**Work request:** Write out the lines below once more, exactly as they appear. Do not include pictures.

Recorded data:
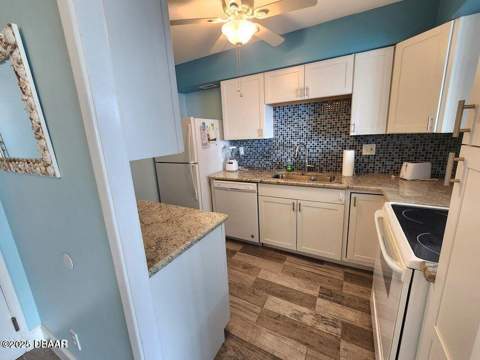 2800 N Atlantic Avenue #810, Daytona Beach FL - photo 13 of 38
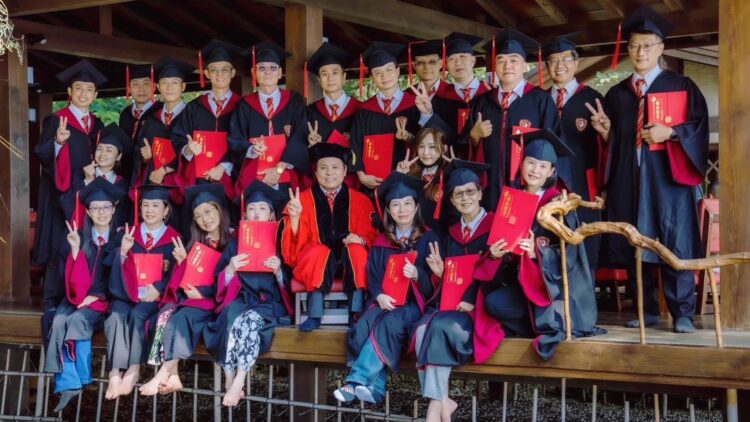 走進人生低谷怎麼辦？命理權威：改變命運從這裡開始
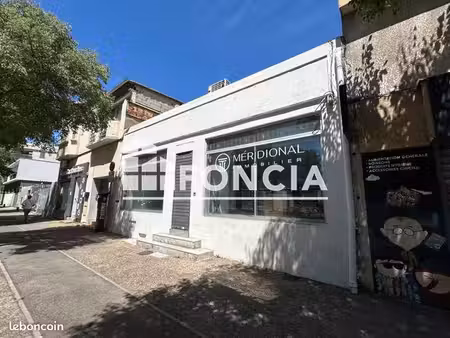 local commercial 4 pièces 61.33m² à louer 970 - nimes 30900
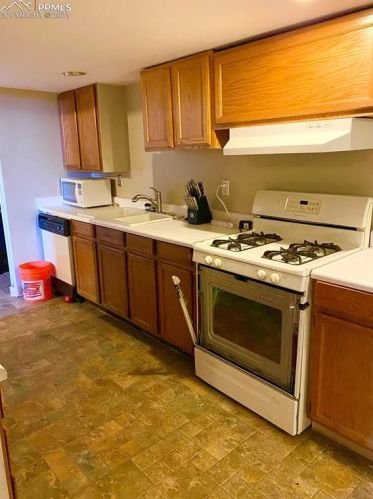 6760 Pine Ln, Parker CO 80138-8716 exterior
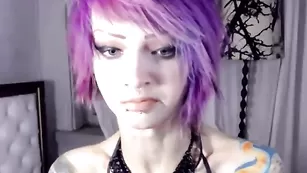 Крашенная самка Psychocandy показывает татуировки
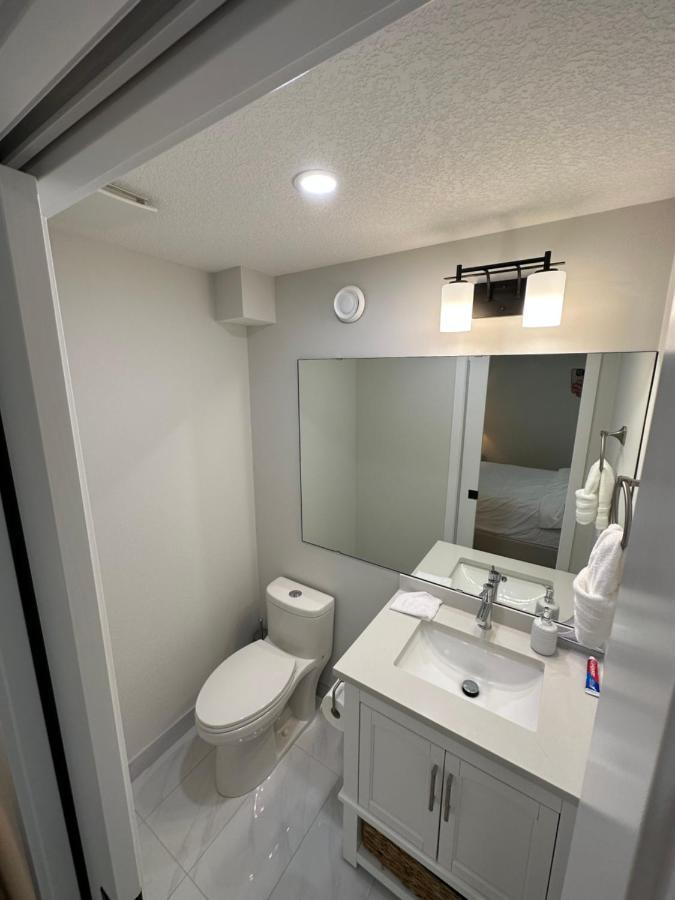 2 Bedroom 2 Washrooms Brand New Beautiful & Cozy Suite Calgary Exterior photo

**Problem solution:**
 2800 N Atlantic Avenue #810, Daytona Beach FL - photo 13 of 38
 走進人生低谷怎麼辦？命理權威：改變命運從這裡開始
 local commercial 4 pièces 61.33m² à louer 970 - nimes 30900
 6760 Pine Ln, Parker CO 80138-8716 exterior
 Крашенная самка Psychocandy показывает татуировки
 2 Bedroom 2 Washrooms Brand New Beautiful & Cozy Suite Calgary Exterior photo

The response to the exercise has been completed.